Kuriakose Elias Chavara was born on 10th February 1805 to Iko Chavara and Mariam Thoppil at Kainakary, Kerala. From age 5 to 10, he attended the village school to study languages, different dialects, and elementary sciences. Fr Thomas Palackal, the Rector of the seminary at Pallipuram invited Kuriakose to the seminary. As he was too young, Kuriakose spent two years in the parish rectory under the care of the Parish Priest. In 1818, at the age of 13, he joined the seminary. During this time there was an epidemic in Kainakary. Kuriakose lost his parents and only brother to this epidemic. He was now the only heir to the family and relatives convinced him discontinue to seminary life, albeit reluctantly. He soon arranged the family affairs in such a way that he could return to his priestly formation.
In 1829, at the age of 24, he was ordained a priest at St Andrew’s Basilica, Arthunkal. After ordination he was engaged for some time in pastoral ministry; however, he soon returned to teach at the seminary, burning with a desire to found a religious institute. He was welcomed by Fr Thomas Palackal and Fr Thomas Porukara who shared a similar vision for religious community life. His trust in the providence of God and the ardent desire to lead a more radical way of Christian discipleship led him to found the Congregation of Carmelites of Mary Immaculate (CMI), the first congregation for men in the Syro-Malabar Catholic Church.
For the spiritual renewal of the people Fr Chavara is known to have held 40 Hours’ Adoration. He started several seminaries, introducing annual retreats for priests and people while giving special attention to catechumens. He is also credited with opening a house for the dying and the destitute, as well as schools for general education. He was appointed the first Vicar General of Syro-Malabar Catholics in 1861. It is said that the Church was able to withstand many threats of that time to ecclesial unity owing to his leadership. Fr Kuriakose was convinced that if he did his part the Lord would take care of the rest.
He was once told about a man suffering with smallpox who wished to receive the Sacrament of the Sick. Many warned him against visiting this man, but Fr Kuriakose said, ‘Now it is my duty to take care of this person. God will take care of me.’
He would visit places of dispute and peace would be restored. When he became ill, he retired to a monastery in Koonammavu for treatment. Disputes and quarrels were taking place in the Parish of Anackal and parish elders came to beg Fr Kuriakose to return with them: ‘It is enough if you just come for peace to be restored’. He went with them and indeed the dispute was sorted.
Fr Kuriakose was known to love even his enemies. A man called Mathen unjustly appropriated the land of Mannanam Monastery and filed cases against Fr Kuriakose in court. In spite of this, Fr Kuriakose still loved him, and in his last testament instructed the members of his community to do good to Mathen. He was guided by the conviction that ‘days on which you have not rendered any good to others, will not be reckoned in the book of your life’.
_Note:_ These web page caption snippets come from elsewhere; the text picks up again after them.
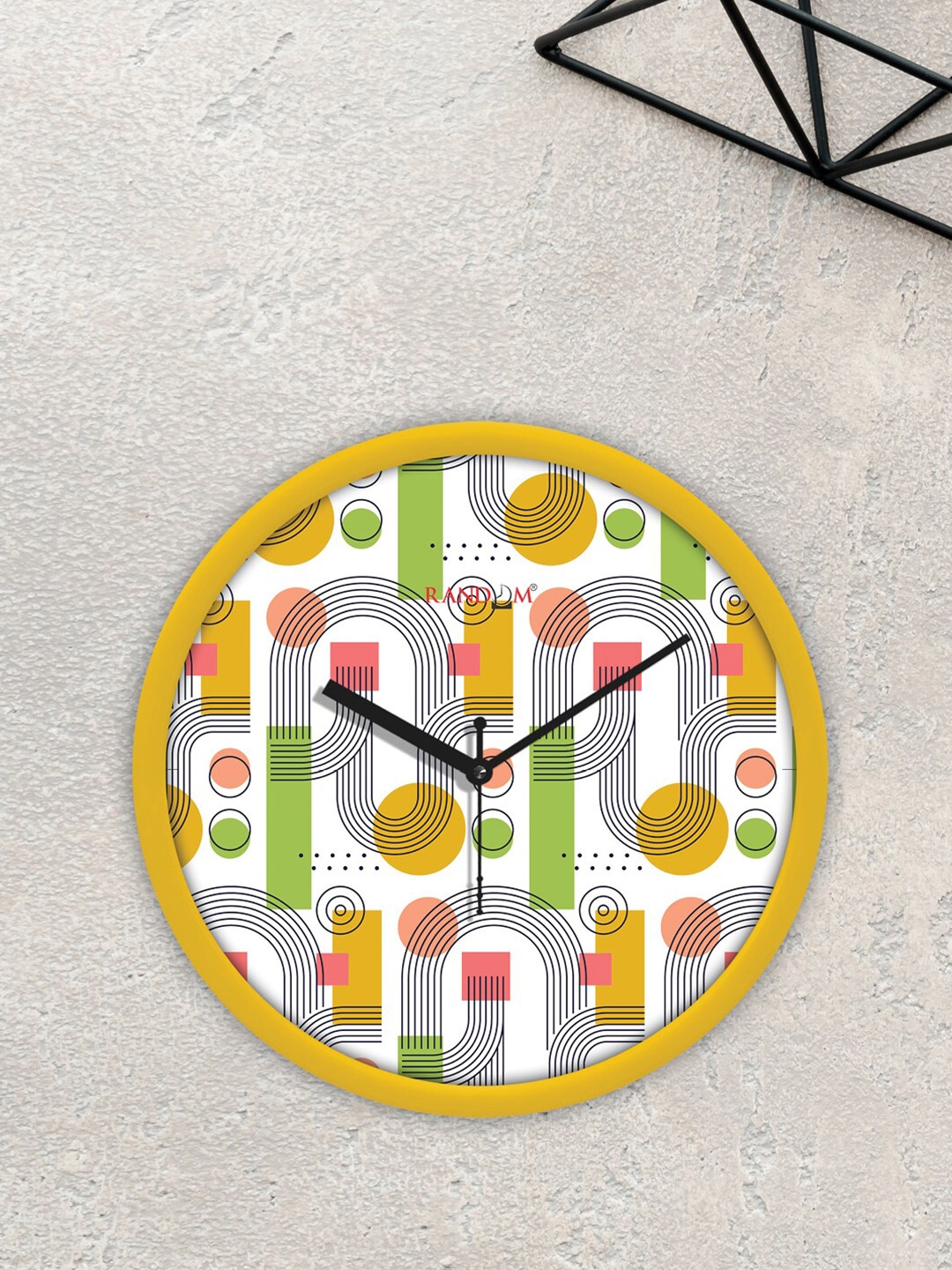

RANDOM Yellow & Green Classic Modern Stylish Analogue Contemporary Wall Clock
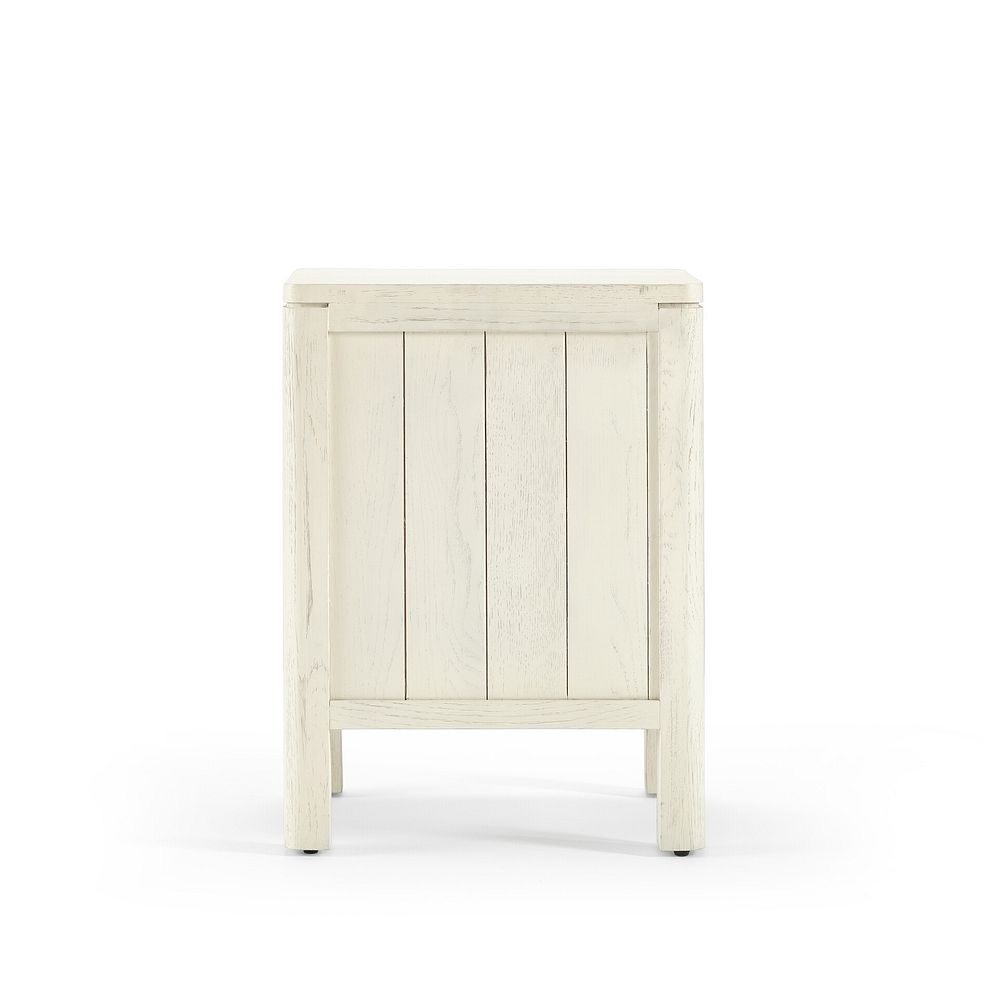 Wren White Painted Solid Oak 2 Drawer Bedside Table 7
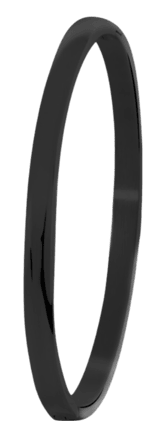 Bangle-Armreif aus Edelstahl, schwarz beschichtet, 5 mm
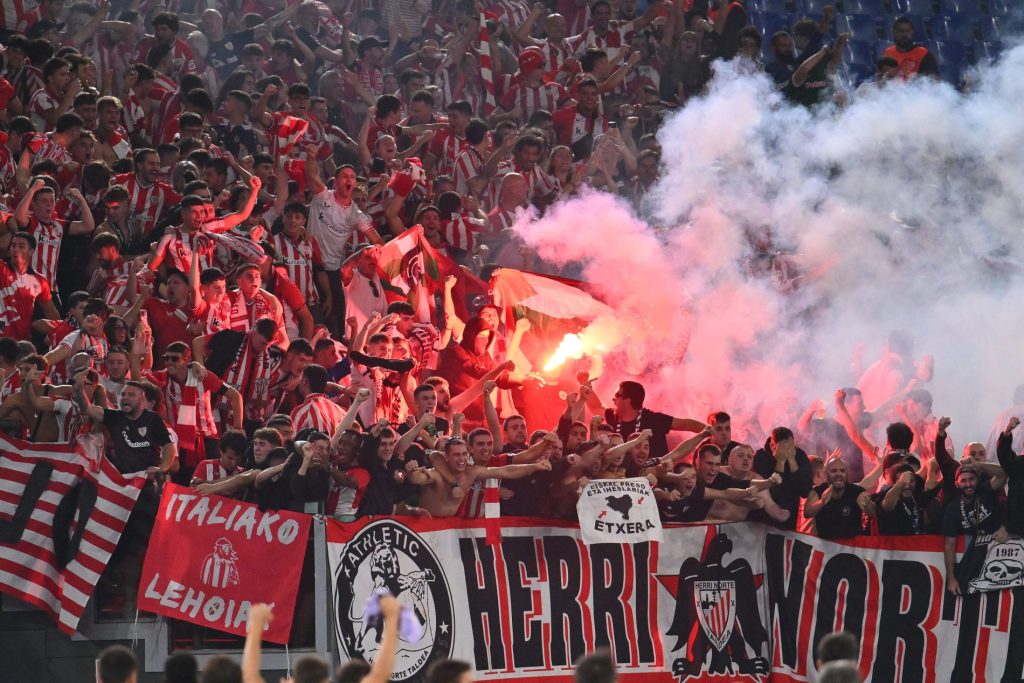 TIfosi Athletic Bilbao, Roma-Athletic Bilbao
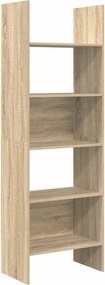 vidaXL Βιβλιοθήκη Χρώμα Sonoma Δρυς 60 x 35 x 180 εκ. από Επεξ. Ξύλο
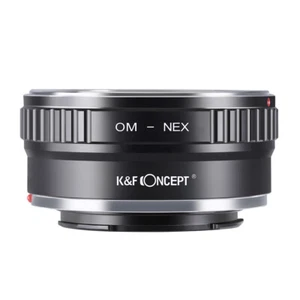 KF Concept Adapter for Olympus OM Mount Lens to Sony E NEX Camera NEX-6 A9 A3000 - Picture 1 of 7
St Kuriakose spent his last days at Koonamavu. In October 1870, he became very ill and lost complete sight for three months. During this time he fixed a little note on the door asking visitors to speak to him only of spiritual matters. He died on 3rd January 1871.
He was canonized by Pope Francis at St Peter’s Square on 23rd November 2014.
In our diocese, St Joseph’s in Wembley is under the pastoral care of the Carmelites of Mary Immaculate (CMI), the order he had founded.